A BICYCLE BUILT FOR TWO

This week, the carbon fast is all about transportation, something prized by North Americans as an inalienable right. When 1113025-Vintage-Penny-Farthing-Bike-Poster-Art-PrintI say ‘right’ I mean the ability to travel anywhere, anytime usually at high speeds and without any restrictions.

Cars and trucks are marketed ad-nauseaum as more comfortable, more fuel efficient (not a bad thing), more agile and capable of going anywhere, to the tops of mountains, into the dessert, and here in Canada through any and all kinds of weather. Overcoming the struggle in travel is so . . . Canadian.

The idea of staying home contributes little if nothing to our economy, and let’s just say that you see precious few advertisements with people sitting on the couch reading books. Mobility is where it’s at.
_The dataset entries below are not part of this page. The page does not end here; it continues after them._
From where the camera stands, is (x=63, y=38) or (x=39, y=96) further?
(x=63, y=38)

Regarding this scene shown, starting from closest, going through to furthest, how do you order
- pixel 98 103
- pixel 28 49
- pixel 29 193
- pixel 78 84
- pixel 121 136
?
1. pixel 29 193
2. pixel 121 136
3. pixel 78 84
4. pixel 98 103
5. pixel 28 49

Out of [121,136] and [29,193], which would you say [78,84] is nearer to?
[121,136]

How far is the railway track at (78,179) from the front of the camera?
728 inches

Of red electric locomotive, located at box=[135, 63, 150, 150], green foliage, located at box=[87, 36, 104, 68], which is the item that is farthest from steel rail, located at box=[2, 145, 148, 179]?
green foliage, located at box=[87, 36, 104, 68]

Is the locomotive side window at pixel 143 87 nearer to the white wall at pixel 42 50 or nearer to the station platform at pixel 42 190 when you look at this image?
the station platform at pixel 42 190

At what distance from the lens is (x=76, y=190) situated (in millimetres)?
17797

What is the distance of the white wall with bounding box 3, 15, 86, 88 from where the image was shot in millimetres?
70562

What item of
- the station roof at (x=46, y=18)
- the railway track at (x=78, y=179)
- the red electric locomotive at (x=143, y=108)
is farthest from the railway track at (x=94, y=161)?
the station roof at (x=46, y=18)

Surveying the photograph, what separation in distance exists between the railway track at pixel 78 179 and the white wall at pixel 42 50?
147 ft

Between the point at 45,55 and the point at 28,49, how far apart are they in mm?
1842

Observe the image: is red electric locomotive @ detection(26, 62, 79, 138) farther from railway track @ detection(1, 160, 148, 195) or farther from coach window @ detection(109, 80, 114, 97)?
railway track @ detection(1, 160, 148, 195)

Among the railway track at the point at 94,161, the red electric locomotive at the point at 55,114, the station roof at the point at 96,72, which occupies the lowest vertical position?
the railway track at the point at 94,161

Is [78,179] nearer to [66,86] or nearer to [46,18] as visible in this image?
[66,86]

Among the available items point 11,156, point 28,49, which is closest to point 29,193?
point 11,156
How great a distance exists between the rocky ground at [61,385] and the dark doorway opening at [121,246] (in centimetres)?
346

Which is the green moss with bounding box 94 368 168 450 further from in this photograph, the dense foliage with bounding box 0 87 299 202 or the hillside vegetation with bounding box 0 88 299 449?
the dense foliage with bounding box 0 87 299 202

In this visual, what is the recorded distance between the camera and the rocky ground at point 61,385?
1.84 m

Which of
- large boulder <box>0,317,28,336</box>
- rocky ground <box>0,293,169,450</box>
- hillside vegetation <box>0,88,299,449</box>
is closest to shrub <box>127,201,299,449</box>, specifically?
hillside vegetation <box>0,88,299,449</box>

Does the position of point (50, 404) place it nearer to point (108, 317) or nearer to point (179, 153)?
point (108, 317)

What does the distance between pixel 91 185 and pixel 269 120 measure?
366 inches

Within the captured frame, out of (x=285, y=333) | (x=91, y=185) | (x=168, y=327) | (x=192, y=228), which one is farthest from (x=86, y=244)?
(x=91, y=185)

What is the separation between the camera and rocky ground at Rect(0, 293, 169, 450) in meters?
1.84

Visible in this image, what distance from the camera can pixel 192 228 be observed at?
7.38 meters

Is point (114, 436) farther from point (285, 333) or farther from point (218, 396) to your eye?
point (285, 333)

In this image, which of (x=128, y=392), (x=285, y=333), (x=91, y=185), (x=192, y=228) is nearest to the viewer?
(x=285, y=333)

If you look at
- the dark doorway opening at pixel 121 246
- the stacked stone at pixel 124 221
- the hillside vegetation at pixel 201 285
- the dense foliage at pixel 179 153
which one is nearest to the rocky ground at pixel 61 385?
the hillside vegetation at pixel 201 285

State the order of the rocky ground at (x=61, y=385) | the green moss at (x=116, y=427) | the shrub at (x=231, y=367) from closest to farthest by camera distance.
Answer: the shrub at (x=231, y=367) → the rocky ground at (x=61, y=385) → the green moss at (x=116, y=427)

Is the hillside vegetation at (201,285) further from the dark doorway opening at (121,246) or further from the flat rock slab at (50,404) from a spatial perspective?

All this has been denied to me personally, as one born legally blind I have never driven a car, flown a plane or even piloted a boat. For some eye conditions technology makes driving possible but not for me. I must wait for the trillion dollar Google Driverless Car http://en.wikipedia.org/wiki/Google_driverless_car (I will start saving now).

I have always felt like an outsider, especially on the occasion of my sixteenth birthday when all my friends processed down to the drivers license office for their adolescent rite of passage. Growing up in the mid seventies in Western Canada, the world of the bicycle was remote. I got the bike, they got the girls. Sigh!

Things have certainly changed, as my own city of 300,000 or so persons is replete with bike lanes and biking is now cool. A new consciousness of slower speeds, and a renewed interest in travelling less has taken hold of at least middle class life in the residential sections of our city. The suburbs are another matter. To arrive at one’s destination sweaty and carrying pannier bags no longer elicits puzzled looks. Folks say ‘good for you.’

What I describe above is only a small shift in culture, but the carbon fast is all about small shifts adding up to significant changes. if you and I can change our patterns, others can also, and eventually a huge consumer group can drive cars longer because they use them less. manufacturers and governments will notice. Urban designers can re-discover the role of corner stores and small community centres as places we can walk to and from instead of depending on large shopping malls and office blocks distant from where we live and work.

Schumacher said in the seventies that Small is Beautiful, and you know what, it still is. We don’t need to travel half as much as we presently do, and if I can build my life around a bike, so can you, hence a bicycle ‘built for two.’

Happy riding, Ken Gray+

BUY SIMPLE FOOD – EAT WITH GRATITUDE

So if buying simple food was easy folks would do it all the time, right? Maybe not: Let’s think about what ‘simple food’ really is and consider some tips.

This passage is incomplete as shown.